EXTRACTED DATA —
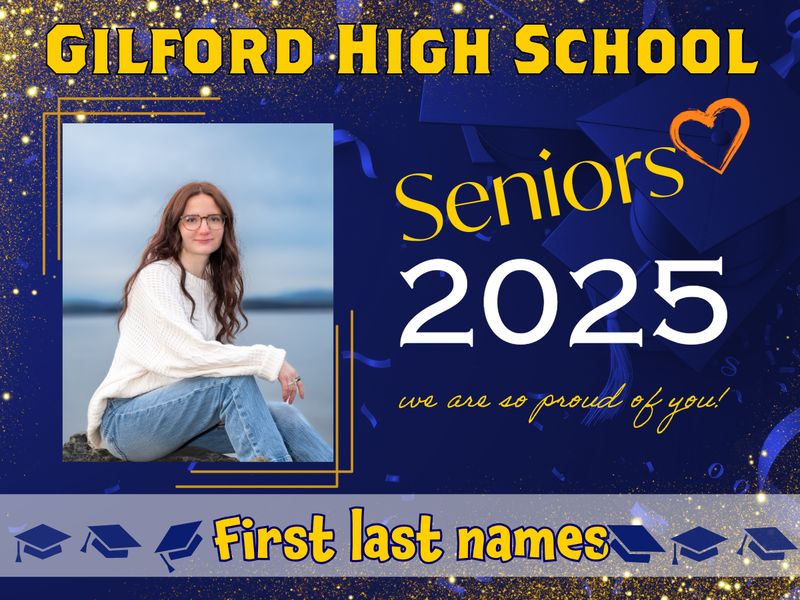 GILFORD YARD SIGNS Class Of 2025 - sold out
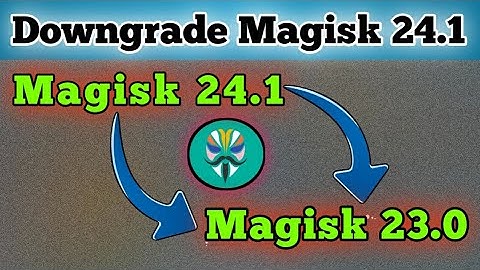 Downgrade Magisk 24 To Magisk 23.0 How to? support Device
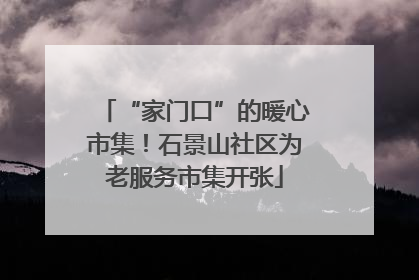 “家门口”的暖心市集！石景山社区为老服务市集开张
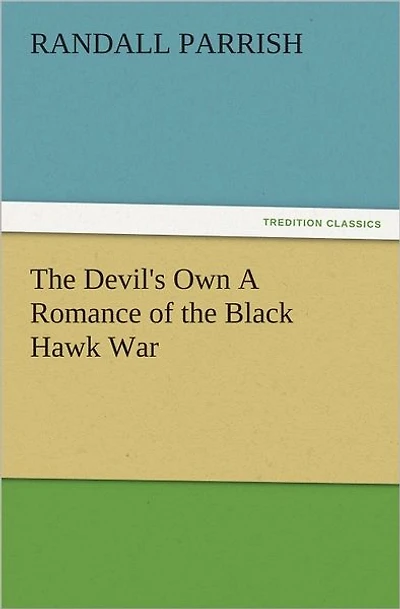 The Devil's Own A Romance Of Black Hawk War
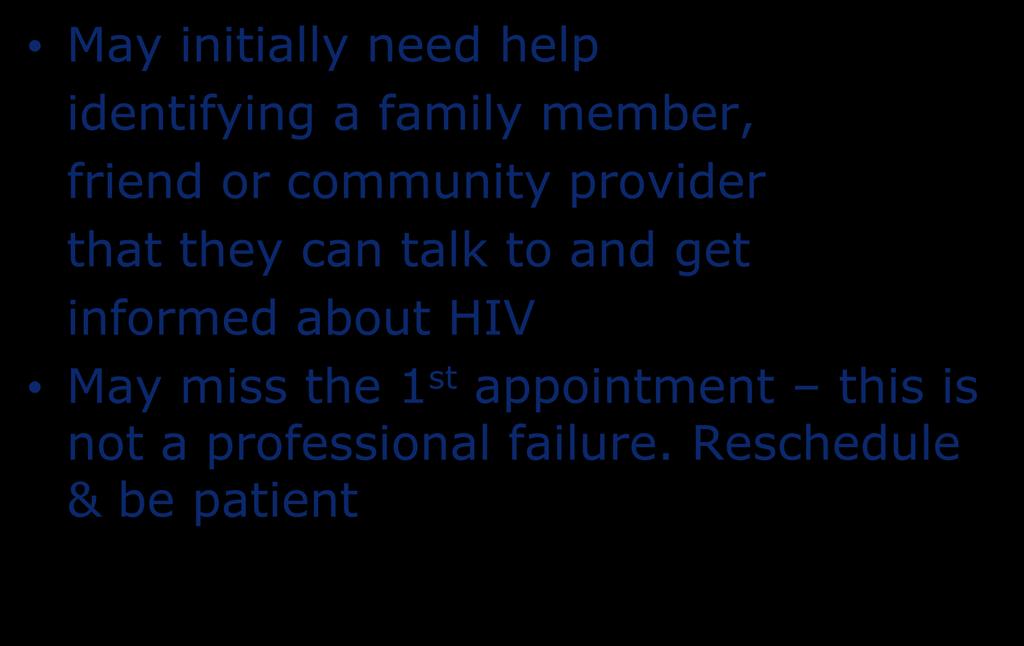 Factors to Consider when making an HIV Care referral (Cont.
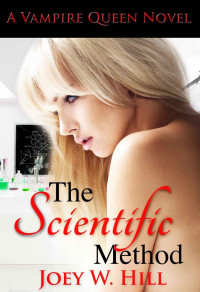  — The Scientific Method: A Vampire Queen Novel (Vampire Queen Series Book 10)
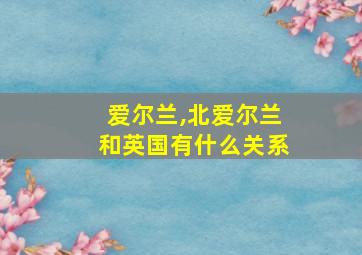 爱尔兰,北爱尔兰和英国有什么关系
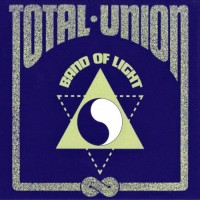Purchase Band Of Light - Total Union (Remastered 2005)
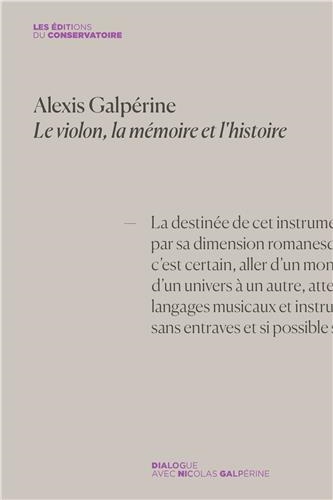 Alexis Galpérine : le violon, la mémoire et l'histoire : dialogue avec Nicolas Galpérine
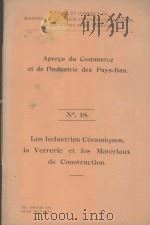 APERCU DU COMMERCE ET DE L‘INDUSTRIE DES PAYS=BAS NO. 18（ PDF版）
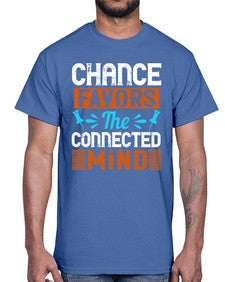 Chance favors the connected mind 31#- internet- Cotton Tee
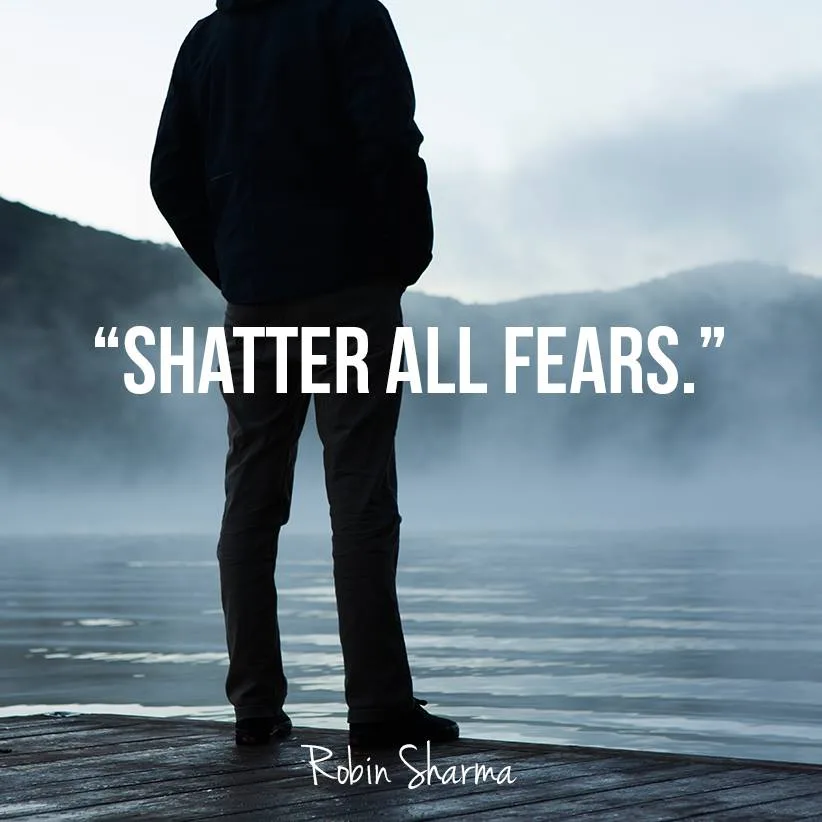 Robin Sharma Quotes shatter fear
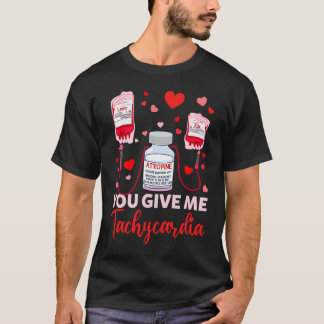 Du ger mig takykardi ICU-sjuksköterska Alla hjärta T Shirt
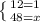 \left \{ {{12 = 1} \atop {48=x}} \right.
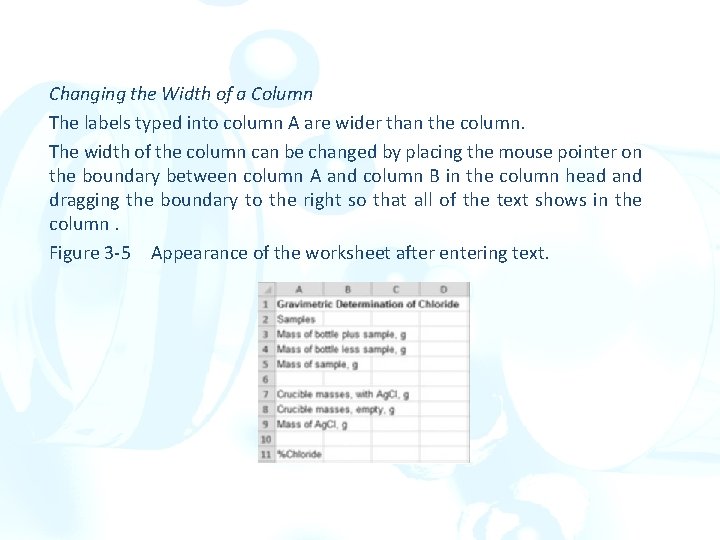 Changing the Width of a Column The labels typed into column A are wider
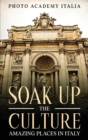 Soak Up the Culture : Amazing Places in Italy - Book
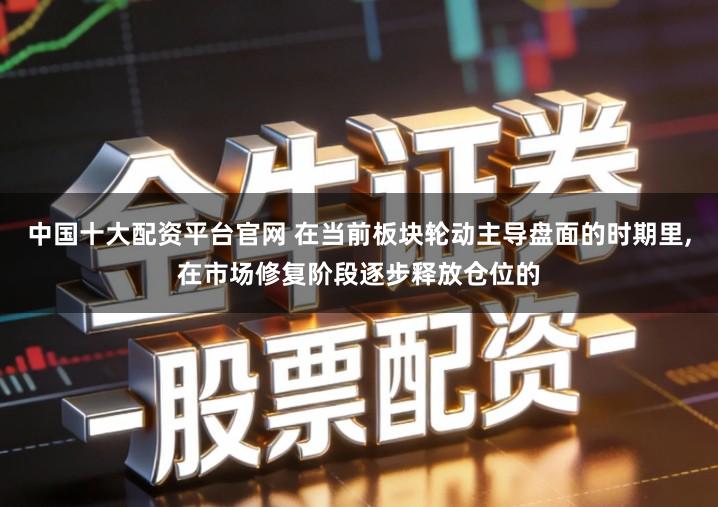 中国十大配资平台官网 在当前板块轮动主导盘面的时期里,在市场修复阶段逐步释放仓位的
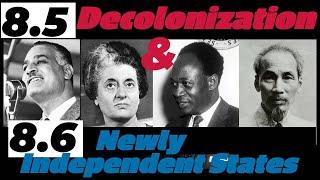 AP World 8.5 Decolonization & 8.6 Newly Independent States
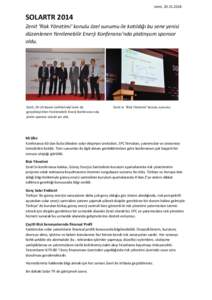 Izmir, SOLARTR 2014 Zenit ‘Risk Yönetimi’ konulu özel sunumu ile katıldığı bu sene yenisi düzenlenen Yenilenebilir Enerji Konferansı’nda platinyum sponsor oldu.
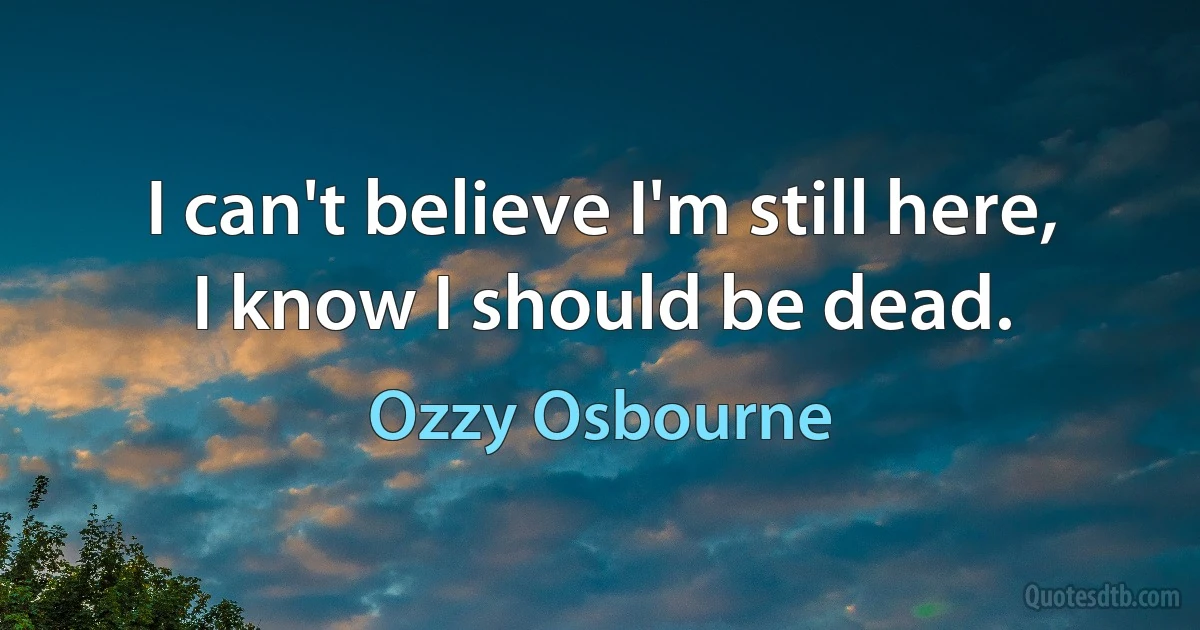 I can't believe I'm still here,
I know I should be dead. (Ozzy Osbourne)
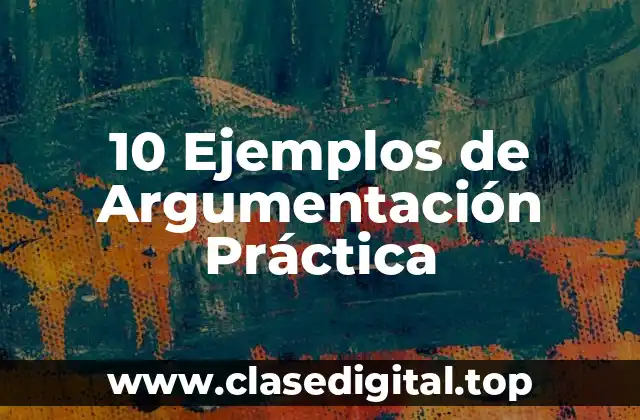 Ejemplos de argumentación práctica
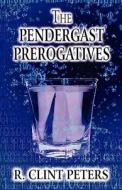 The Pendergast Prerogatives di R. Clint Peters edito da Publishamerica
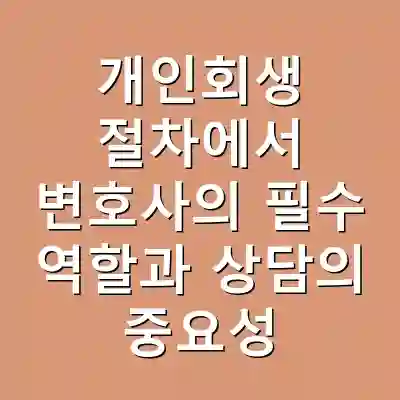 개인회생 절차에서 변호사의 필수 역할과 상담의 중요성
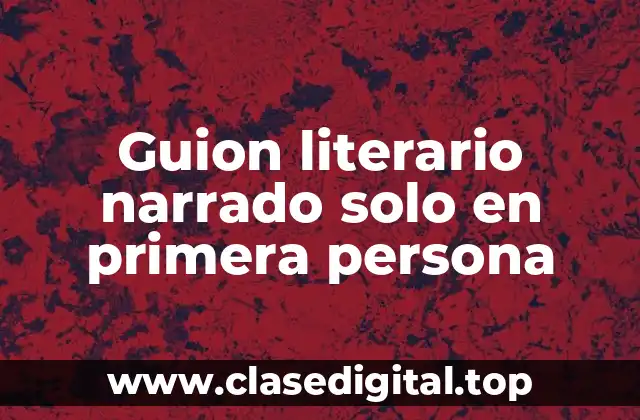 Guion literario narrado solo en primera persona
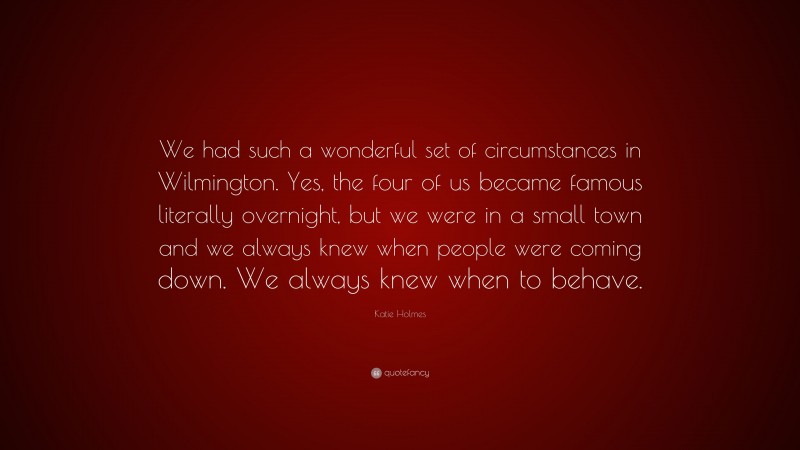 Katie Holmes Quote: “We had such a wonderful set of circumstances in Wilmington. Yes, the four of us became famous literally overnight, but we were in a small town and we always knew when people were coming down. We always knew when to behave.”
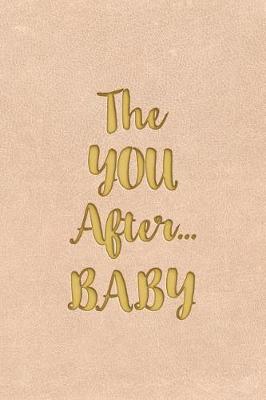 Book cover for The YOU After...BABY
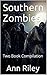 Southern Zombies: Two Book Compilation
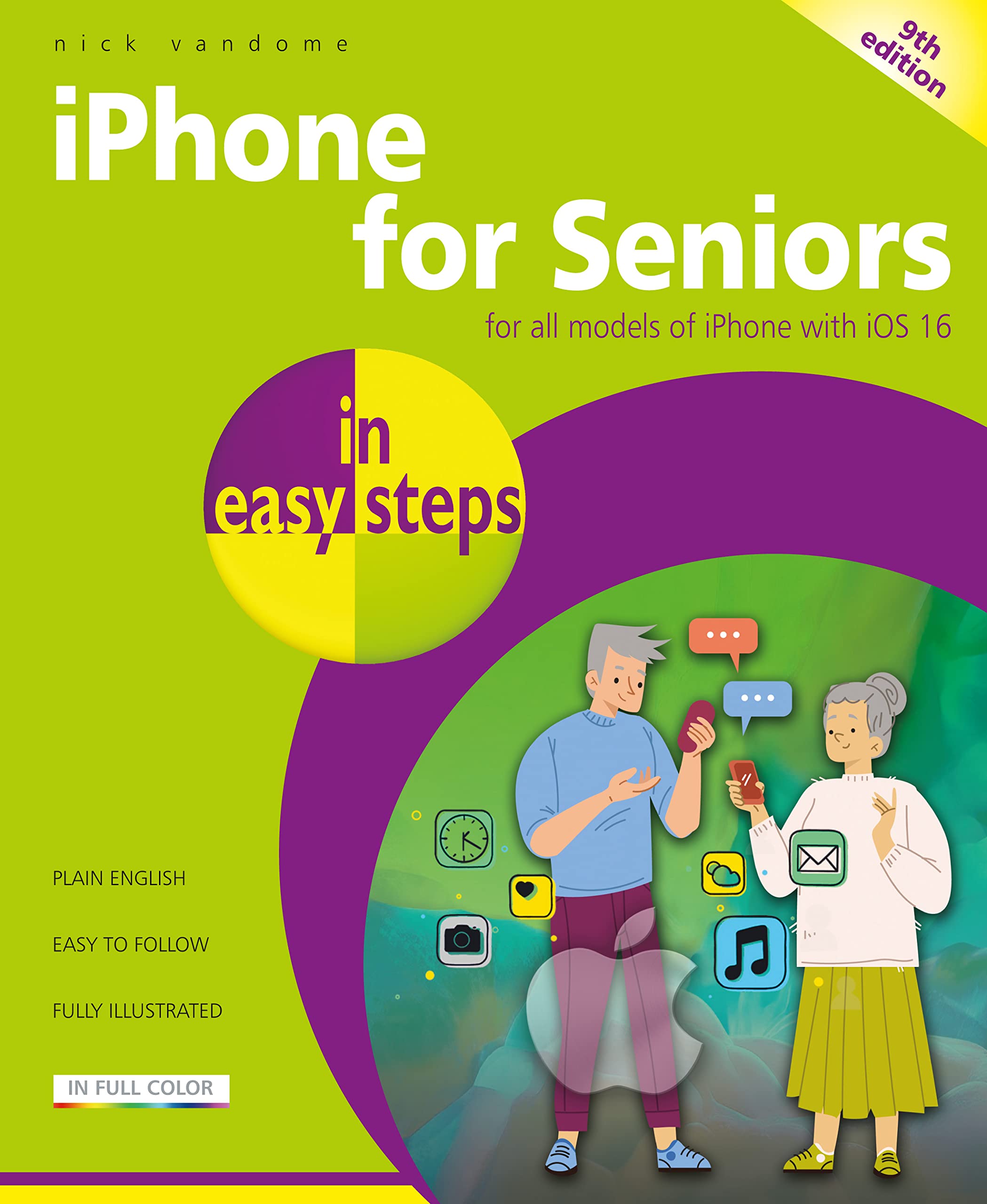 Iphone For Seniors In Easy Steps: For All Models Of Iphone With Ios 16,Used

PROBLEM DETAILS —
Extract from the material above the stretch running from the line containing "개인회생 절차에서 변호사의 필수 역할과 상담의 중요성" through the line containing "Guion literario narrado". Keep the text exact and the pictures out.

TASK OUTPUT —
 개인회생 절차에서 변호사의 필수 역할과 상담의 중요성
 Guion literario narrado solo en primera persona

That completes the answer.